Why does scipy.optimize.minimize (default) report success without moving with Skyfield?

旧巷老猫 提交于 2019-12-01 21:39:26

问题


scipy.optimize.minimize using default method is returning the initial value as the result, without any error or warning messages.

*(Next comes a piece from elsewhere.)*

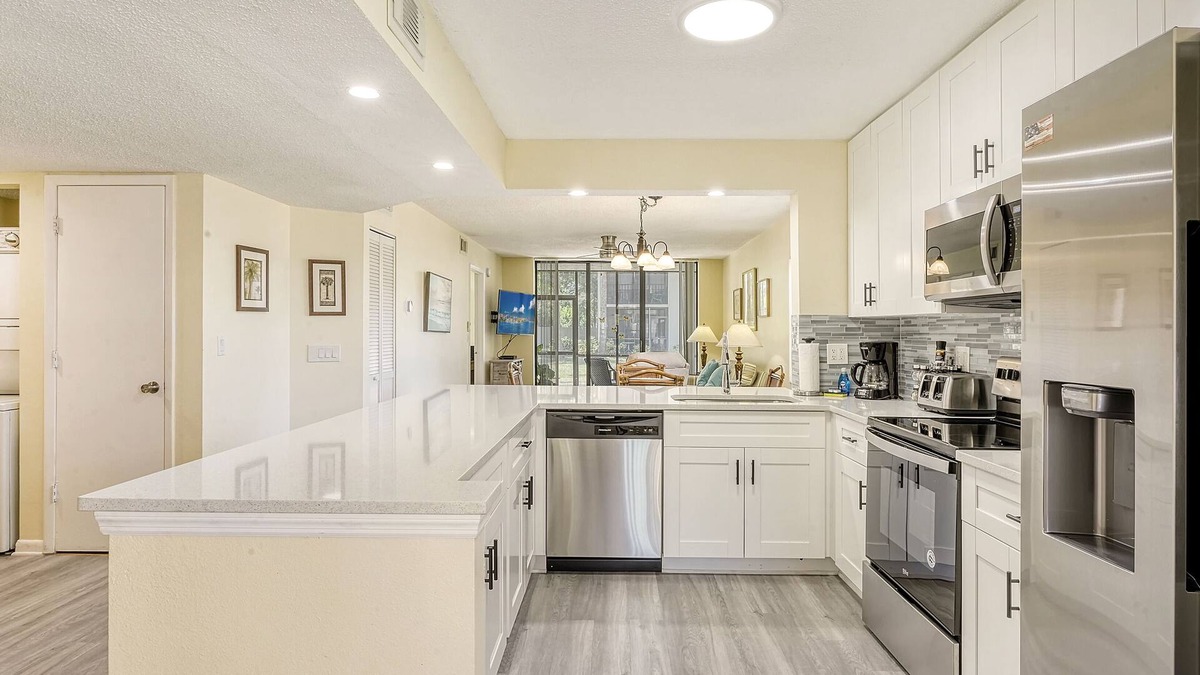 South Bradenton Condo | BRIGHT, BEAUTIFULLY UPGRADED FIRST FLOOR END-UNIT AT SHOREWALK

While using the Nelder-Mead method as suggested by this answer solves the problem, I would like to understand:

Why does the default method returns the wrong answer without warning the starting point as the answer - and is there a way I can protect against "wrong answer without warning" avoid this behavior in this case?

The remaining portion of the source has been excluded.